CM
Configuration Management
2
3.4.2
Establish and enforce security configuration settings for information technology products employed in organizational systems.
Security-related configuration settings should be customized and included as part of an organization’s baseline configurations for all information systems. These configuration settings should satisfy the organization’s security requirements and changes or deviations to the security settings should be documented. Organizations should document the Securityrelated configuration settings and apply them to all systems once tested and approved. The configuration settings should reflect the most restrictive settings that are appropriate for the system. This ensures that information security is an integral part of an organization’s configuration management process. Example You are in charge of establishing baseline configurations for your organization’s systems. As part of this, you document the most restrictive settings that still allow the system to function as required and apply this configuration to all applicable systems. This secure configuration, also known as a system lockdown, blocks unapproved applications from running on the system. The lockdown configuration aligns with your organization’s security requirements.
Establish and enforce security configuration settings for information technology products employed in organizational systems.

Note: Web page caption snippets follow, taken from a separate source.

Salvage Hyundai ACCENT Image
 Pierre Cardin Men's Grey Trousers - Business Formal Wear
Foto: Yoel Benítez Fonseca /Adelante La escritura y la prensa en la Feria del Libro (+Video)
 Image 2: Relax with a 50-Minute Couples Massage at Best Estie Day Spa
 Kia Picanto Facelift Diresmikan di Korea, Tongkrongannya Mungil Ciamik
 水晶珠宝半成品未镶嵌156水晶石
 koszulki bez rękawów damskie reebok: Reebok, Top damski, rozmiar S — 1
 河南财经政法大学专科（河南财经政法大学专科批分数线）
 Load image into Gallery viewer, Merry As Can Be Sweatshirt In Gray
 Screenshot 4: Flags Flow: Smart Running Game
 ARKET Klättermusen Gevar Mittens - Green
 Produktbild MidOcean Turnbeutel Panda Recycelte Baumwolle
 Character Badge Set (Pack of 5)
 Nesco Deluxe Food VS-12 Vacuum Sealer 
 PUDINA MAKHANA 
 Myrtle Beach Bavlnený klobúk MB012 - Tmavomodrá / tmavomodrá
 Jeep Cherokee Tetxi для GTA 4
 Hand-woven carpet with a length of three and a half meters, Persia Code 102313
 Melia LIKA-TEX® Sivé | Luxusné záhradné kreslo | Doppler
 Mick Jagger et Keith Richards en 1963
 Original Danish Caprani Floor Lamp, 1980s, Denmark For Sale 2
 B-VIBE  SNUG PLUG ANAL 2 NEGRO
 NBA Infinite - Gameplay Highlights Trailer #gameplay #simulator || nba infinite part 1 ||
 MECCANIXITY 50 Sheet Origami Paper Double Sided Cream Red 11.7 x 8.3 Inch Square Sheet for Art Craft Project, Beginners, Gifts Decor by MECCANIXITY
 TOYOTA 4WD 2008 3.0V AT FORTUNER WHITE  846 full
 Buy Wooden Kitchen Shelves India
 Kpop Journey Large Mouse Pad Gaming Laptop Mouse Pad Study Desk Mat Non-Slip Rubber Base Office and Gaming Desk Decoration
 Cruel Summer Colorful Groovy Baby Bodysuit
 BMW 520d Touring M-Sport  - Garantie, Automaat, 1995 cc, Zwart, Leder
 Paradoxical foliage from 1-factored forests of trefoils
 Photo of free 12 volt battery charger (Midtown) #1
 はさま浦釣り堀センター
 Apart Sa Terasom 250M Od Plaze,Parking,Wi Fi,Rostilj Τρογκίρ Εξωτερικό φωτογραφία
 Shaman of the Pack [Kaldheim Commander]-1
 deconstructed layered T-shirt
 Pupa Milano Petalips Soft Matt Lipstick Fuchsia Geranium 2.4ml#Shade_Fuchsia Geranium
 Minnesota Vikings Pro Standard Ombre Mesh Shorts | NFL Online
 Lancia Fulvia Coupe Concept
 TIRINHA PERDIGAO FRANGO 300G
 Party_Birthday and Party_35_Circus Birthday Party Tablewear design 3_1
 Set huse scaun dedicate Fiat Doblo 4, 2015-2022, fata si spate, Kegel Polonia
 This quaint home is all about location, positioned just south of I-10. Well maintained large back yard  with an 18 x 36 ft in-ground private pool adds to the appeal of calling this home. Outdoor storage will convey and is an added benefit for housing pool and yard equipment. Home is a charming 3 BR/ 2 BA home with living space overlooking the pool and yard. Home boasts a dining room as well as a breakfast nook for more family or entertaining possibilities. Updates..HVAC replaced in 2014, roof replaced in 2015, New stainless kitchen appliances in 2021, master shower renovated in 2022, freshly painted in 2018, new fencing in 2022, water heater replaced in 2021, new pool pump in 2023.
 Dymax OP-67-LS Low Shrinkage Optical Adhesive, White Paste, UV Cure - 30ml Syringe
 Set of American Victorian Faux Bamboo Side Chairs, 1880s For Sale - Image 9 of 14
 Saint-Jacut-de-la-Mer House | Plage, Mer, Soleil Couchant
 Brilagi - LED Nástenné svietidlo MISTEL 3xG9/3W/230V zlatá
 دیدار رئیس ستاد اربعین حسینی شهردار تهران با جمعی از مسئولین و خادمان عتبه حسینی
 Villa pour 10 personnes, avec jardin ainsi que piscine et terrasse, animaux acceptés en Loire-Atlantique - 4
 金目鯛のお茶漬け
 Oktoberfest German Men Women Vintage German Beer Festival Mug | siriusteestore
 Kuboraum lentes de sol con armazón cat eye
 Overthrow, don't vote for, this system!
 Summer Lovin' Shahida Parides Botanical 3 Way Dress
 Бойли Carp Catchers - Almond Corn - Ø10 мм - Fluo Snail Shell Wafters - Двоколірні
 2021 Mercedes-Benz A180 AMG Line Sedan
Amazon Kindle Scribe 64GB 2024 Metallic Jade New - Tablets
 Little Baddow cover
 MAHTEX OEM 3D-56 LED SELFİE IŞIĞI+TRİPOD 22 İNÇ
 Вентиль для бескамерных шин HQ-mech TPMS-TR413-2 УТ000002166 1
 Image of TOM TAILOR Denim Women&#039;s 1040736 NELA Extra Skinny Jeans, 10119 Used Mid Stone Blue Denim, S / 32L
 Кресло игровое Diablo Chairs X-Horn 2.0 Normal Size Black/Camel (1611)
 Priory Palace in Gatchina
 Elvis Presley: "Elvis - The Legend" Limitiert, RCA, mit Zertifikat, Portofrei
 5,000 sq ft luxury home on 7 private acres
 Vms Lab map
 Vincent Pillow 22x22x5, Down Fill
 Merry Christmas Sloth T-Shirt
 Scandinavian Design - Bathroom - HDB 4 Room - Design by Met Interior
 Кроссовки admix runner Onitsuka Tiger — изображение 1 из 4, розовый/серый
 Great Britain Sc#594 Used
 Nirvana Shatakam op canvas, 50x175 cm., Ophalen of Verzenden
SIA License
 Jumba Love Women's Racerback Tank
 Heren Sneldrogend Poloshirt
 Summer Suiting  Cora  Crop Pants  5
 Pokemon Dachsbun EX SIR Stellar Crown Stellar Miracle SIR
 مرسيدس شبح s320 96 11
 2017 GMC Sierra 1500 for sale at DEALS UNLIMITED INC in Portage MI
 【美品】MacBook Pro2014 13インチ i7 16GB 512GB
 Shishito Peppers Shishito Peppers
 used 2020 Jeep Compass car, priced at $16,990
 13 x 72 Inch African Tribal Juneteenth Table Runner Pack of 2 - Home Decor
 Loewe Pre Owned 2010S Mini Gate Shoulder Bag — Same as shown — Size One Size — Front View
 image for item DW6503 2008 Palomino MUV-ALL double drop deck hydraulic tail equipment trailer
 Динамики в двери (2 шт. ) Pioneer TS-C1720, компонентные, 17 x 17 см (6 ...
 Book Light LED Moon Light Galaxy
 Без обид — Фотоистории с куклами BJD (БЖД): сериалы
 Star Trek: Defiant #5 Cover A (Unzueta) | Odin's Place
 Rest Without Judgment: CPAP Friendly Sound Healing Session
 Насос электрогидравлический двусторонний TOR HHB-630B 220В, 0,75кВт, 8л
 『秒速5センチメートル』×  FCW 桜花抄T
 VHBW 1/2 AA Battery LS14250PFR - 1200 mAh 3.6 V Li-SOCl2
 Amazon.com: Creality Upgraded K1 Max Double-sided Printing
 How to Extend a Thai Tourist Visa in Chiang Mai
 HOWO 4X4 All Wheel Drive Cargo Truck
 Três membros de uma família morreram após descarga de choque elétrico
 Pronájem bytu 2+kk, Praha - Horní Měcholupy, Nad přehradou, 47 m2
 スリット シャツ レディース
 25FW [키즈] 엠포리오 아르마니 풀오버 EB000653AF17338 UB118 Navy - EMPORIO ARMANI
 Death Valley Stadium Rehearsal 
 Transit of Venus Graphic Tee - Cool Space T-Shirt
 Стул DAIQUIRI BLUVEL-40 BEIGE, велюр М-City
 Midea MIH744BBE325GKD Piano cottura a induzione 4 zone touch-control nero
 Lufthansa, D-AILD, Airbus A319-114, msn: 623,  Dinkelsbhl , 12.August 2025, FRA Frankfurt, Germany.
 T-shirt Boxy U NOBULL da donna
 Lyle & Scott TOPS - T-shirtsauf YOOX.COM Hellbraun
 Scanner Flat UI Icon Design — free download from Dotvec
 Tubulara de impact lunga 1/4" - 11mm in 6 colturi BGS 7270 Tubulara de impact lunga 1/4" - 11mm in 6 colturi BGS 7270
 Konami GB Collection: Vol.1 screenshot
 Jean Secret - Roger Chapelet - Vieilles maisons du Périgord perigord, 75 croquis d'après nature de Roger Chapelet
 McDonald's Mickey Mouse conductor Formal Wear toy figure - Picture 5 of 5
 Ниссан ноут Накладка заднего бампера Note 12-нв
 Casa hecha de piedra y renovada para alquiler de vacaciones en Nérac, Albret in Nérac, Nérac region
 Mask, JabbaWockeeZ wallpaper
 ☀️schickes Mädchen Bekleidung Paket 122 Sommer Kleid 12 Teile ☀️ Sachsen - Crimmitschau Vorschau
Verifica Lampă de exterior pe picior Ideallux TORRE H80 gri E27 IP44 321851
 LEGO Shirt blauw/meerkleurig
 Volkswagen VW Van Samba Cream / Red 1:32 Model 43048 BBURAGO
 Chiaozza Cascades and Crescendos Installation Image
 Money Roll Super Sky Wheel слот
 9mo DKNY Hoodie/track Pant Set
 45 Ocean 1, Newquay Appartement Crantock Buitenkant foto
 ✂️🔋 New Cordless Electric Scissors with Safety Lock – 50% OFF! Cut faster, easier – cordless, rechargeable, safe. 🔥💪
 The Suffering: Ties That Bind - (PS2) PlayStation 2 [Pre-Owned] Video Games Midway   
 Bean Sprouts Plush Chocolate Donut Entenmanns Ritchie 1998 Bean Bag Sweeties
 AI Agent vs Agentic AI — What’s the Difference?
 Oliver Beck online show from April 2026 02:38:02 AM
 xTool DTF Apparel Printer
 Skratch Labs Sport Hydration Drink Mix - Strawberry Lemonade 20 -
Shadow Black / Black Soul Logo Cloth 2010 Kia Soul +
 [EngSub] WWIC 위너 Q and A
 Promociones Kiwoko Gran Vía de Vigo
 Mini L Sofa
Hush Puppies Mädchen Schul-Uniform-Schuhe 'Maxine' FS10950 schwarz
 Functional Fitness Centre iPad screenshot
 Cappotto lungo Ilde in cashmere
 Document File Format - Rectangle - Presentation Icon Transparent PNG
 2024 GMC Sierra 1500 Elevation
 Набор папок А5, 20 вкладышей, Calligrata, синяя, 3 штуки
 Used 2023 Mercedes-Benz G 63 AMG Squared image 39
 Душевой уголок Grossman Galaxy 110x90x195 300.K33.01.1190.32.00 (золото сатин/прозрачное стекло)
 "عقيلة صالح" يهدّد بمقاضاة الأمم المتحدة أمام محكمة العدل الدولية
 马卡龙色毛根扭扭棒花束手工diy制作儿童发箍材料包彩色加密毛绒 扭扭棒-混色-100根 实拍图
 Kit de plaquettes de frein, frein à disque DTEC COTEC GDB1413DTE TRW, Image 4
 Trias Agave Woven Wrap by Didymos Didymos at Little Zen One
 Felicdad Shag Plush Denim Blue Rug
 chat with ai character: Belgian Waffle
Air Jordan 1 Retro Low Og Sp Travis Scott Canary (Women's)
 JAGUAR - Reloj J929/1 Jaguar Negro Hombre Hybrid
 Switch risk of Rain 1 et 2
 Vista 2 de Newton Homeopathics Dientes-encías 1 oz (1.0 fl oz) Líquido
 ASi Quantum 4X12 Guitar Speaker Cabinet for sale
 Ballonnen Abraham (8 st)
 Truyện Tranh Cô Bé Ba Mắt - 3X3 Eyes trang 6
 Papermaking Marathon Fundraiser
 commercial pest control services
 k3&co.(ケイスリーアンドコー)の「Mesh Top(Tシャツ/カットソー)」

Configuration settings are the set of parameters that can be changed in hardware, software, or firmware components of the system that affect the security posture or functionality of the system. Information technology products for which security-related configuration settings can be defined include mainframe computers, servers, workstations, input and output devices (e.g., scanners, copiers, and printers), network components (e.g., firewalls, routers, gateways, voice and data switches, wireless access points, network appliances, sensors), operating systems, middleware, and applications. Security parameters are those parameters impacting the security state of systems including the parameters required to satisfy other security requirements. Security parameters include: registry settings; account, file, directory permission settings; and settings for functions, ports, protocols, and remote connections. Organizations establish organization-wide configuration settings and subsequently derive specific configuration settings for systems. The established settings become part of the systems configuration baseline. Common secure configurations (also referred to as security configuration checklists, lockdown and hardening guides, security reference guides, security technical implementation guides) provide recognized, standardized, and established benchmarks that stipulate secure configuration settings for specific information technology platforms/products and instructions for configuring those system components to meet operational requirements. Common secure configurations can be developed by a variety of organizations including information technology product developers, manufacturers, vendors, consortia, academia, industry, federal agencies, and other organizations in the public and private sectors. [SP 800-70] and [SP 800-128] provide guidance on security configuration settings.
N/A
CIS Controls v7.1 1.4, 1.5, 2.1, 2.4, 5.1
NIST SP 800-53 Rev 4 CM-2, CM-6, CM-8, CM-8(1)
NIST SP 800-171 Rev 1 3.4.2
NIST CSF v1.1 ID.AM-1, ID.AM-2, PR.DS-3, PR.DS-7, PR.IP-1, DE.AE-1
CERT RMM v1.2 TM:SG2.SP2
UK NCSC Cyber Essentials
CM.2.064.[a] security configuration settings for information technology products employed in the system are established and included in the baseline configuration; and
CM.2.064.[b] security configuration settings for information technology products employed in the system are enforced.